EXERCISE DIRECTIONS
Using the records below, transcribe exactly only the lines from the one with "Miniatyrbillede 5 af" through the end, both included, and drop every picture.

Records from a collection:
>>>>>

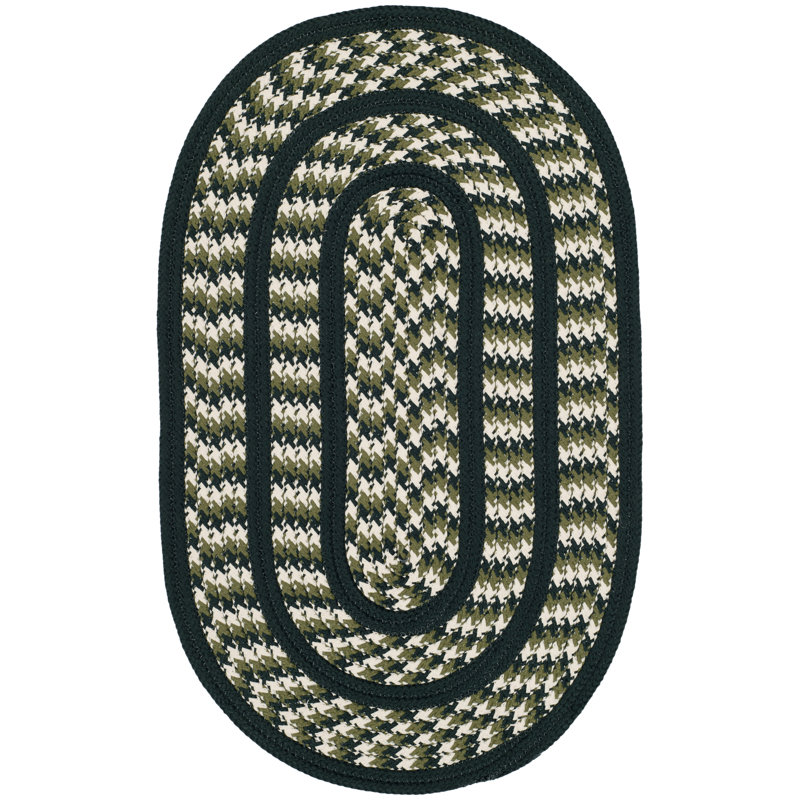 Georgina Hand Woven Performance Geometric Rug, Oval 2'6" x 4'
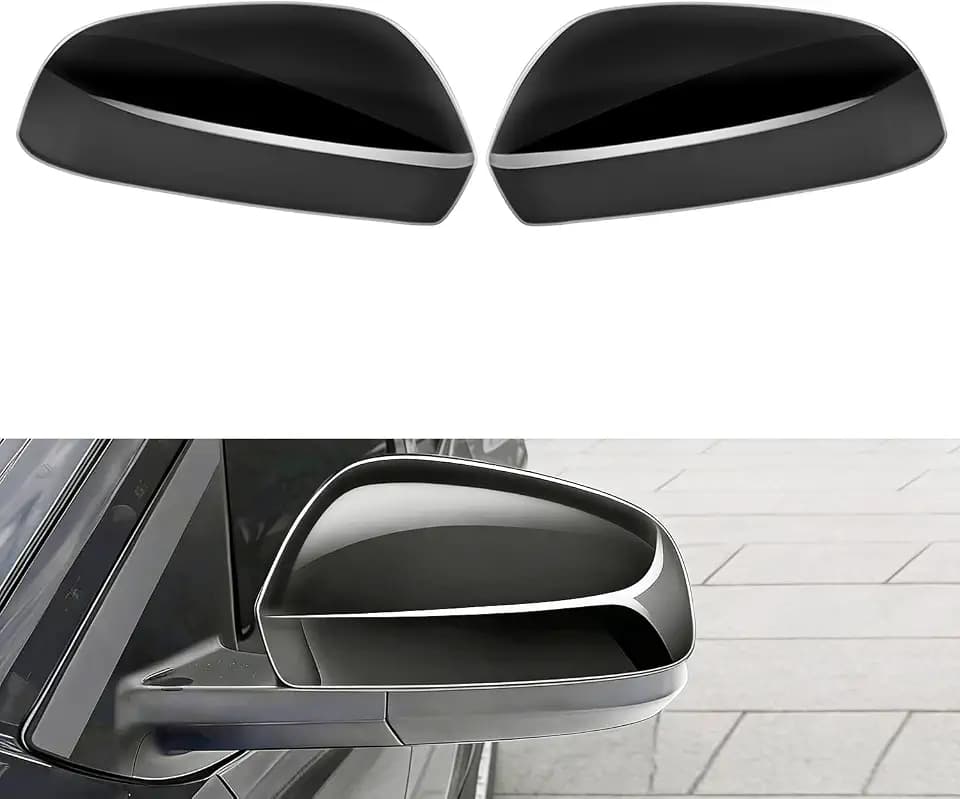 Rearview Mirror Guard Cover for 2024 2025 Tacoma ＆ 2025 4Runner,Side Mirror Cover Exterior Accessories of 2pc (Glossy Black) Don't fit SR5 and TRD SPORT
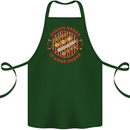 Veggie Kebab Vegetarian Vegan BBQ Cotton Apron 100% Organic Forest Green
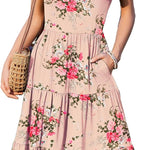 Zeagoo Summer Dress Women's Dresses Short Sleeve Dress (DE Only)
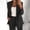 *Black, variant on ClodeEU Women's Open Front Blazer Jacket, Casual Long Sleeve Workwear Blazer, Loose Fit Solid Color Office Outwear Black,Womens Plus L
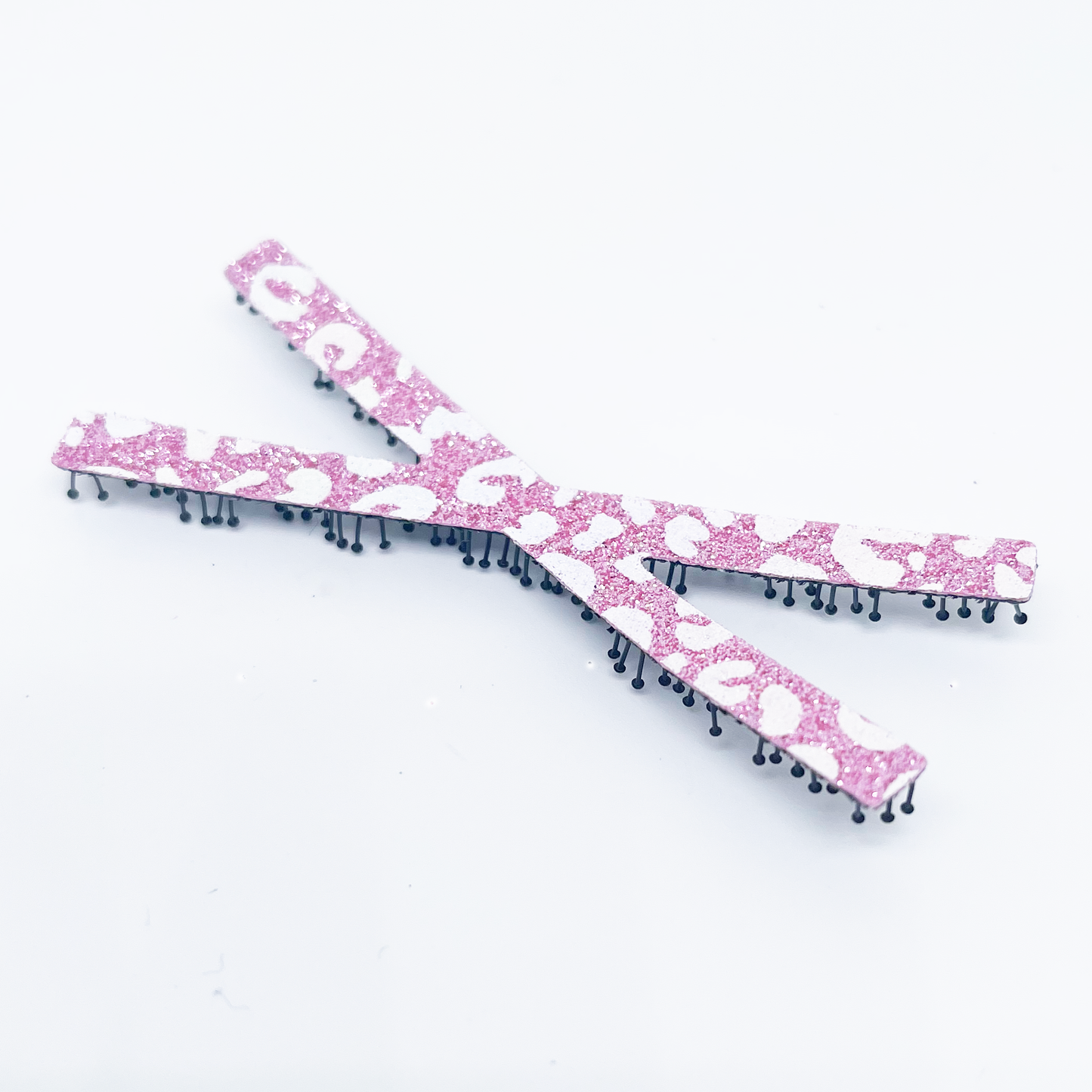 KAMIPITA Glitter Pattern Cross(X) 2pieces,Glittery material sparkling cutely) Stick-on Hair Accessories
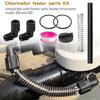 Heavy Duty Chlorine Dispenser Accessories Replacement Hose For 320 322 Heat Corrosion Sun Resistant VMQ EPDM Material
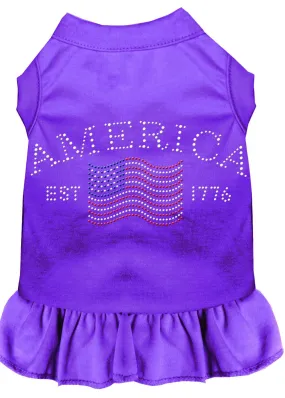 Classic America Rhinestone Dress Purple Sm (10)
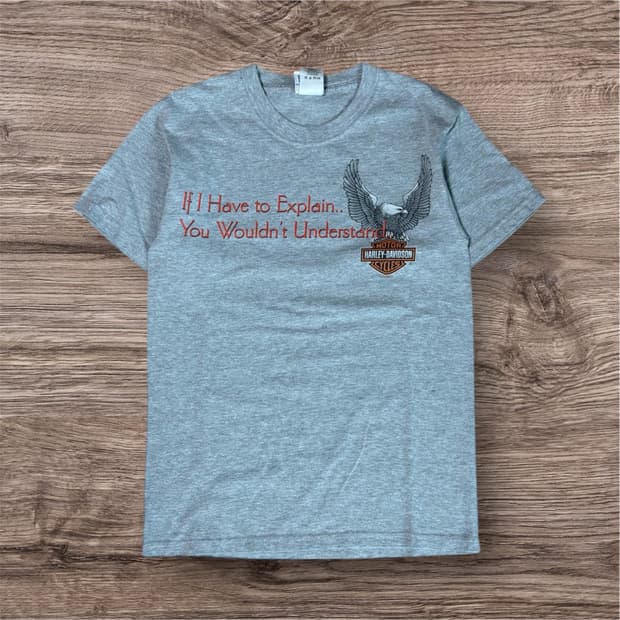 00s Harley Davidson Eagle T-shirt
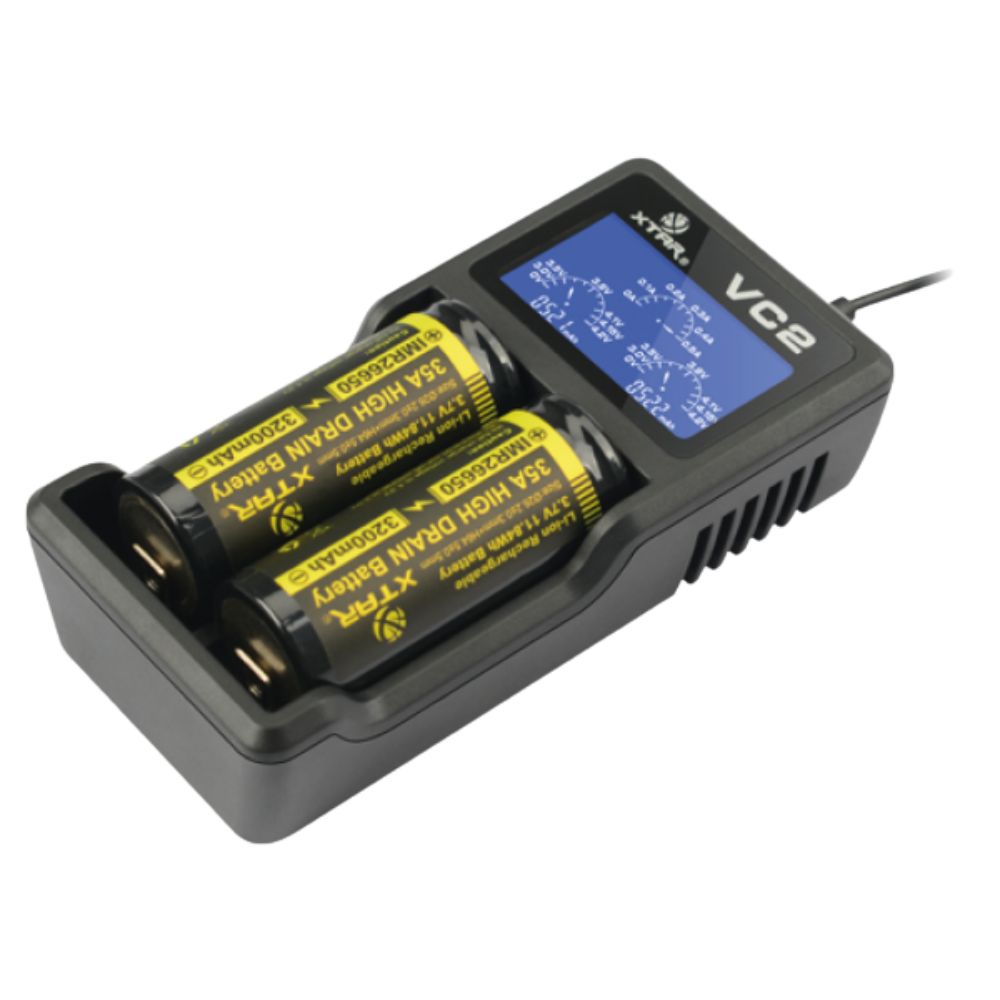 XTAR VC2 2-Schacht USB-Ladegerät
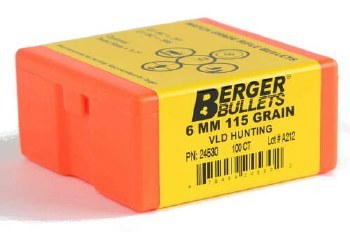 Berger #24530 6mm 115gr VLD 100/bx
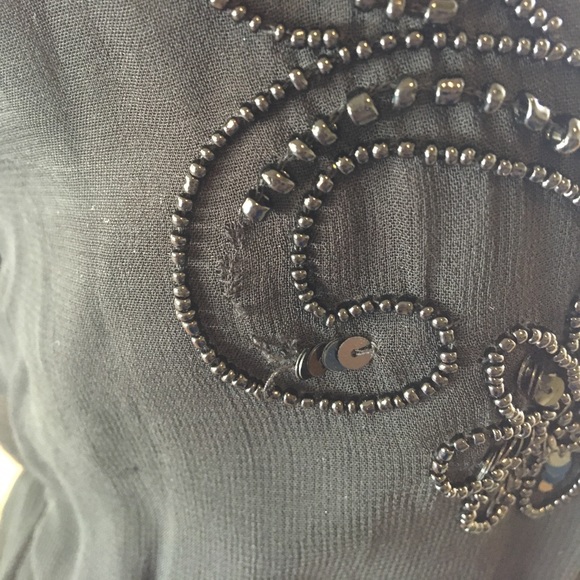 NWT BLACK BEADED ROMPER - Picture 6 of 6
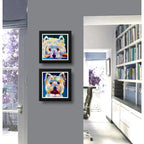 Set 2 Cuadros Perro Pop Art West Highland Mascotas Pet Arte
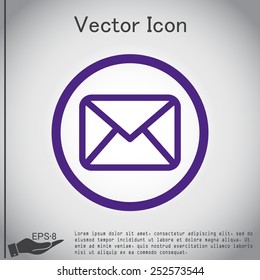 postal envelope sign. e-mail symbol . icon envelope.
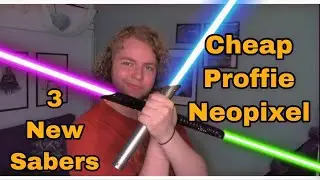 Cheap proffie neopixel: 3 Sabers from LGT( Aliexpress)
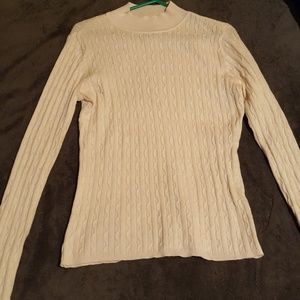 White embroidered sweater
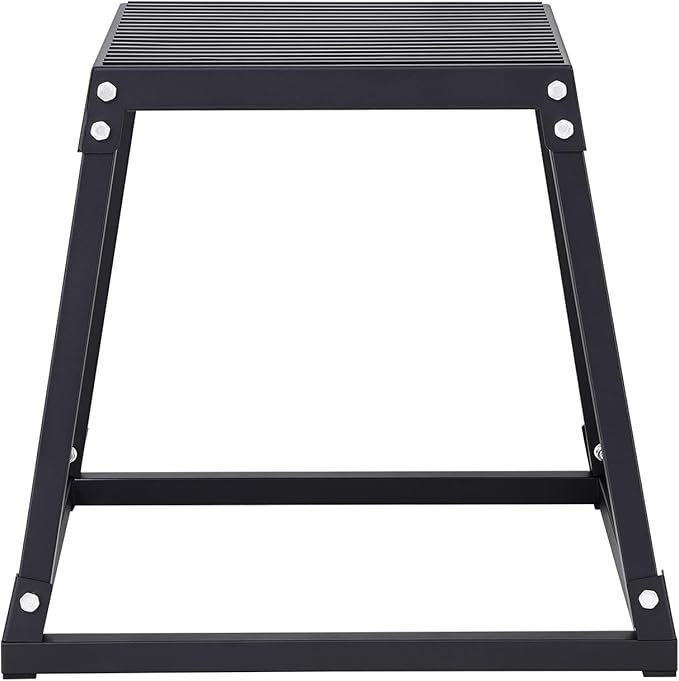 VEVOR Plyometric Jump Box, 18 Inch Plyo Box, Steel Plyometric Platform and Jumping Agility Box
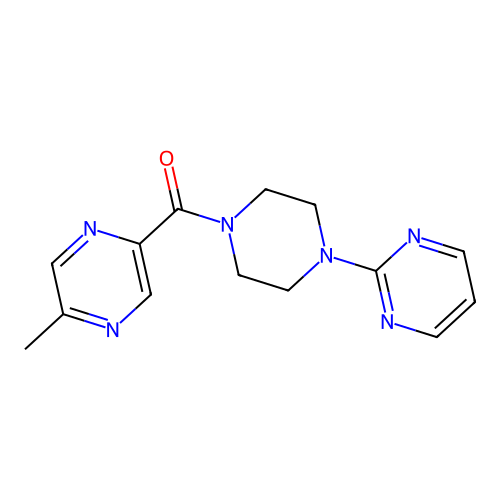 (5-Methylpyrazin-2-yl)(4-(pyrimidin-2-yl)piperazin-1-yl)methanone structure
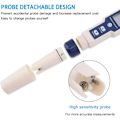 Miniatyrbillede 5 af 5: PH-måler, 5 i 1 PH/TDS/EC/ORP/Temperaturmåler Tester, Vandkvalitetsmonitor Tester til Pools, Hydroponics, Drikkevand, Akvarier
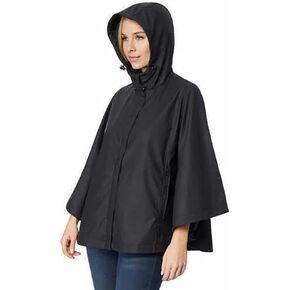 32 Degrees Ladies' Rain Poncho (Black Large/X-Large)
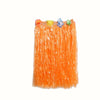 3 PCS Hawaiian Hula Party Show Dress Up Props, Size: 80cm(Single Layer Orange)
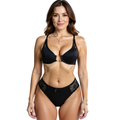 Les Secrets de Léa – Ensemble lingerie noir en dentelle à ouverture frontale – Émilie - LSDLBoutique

<<<<<

SOLUTION TO THE PROBLEM
 Miniatyrbillede 5 af 5: PH-måler, 5 i 1 PH/TDS/EC/ORP/Temperaturmåler Tester, Vandkvalitetsmonitor Tester til Pools, Hydroponics, Drikkevand, Akvarier
 32 Degrees Ladies' Rain Poncho (Black Large/X-Large)
 3 PCS Hawaiian Hula Party Show Dress Up Props, Size: 80cm(Single Layer Orange)
 Les Secrets de Léa – Ensemble lingerie noir en dentelle à ouverture frontale – Émilie - LSDLBoutique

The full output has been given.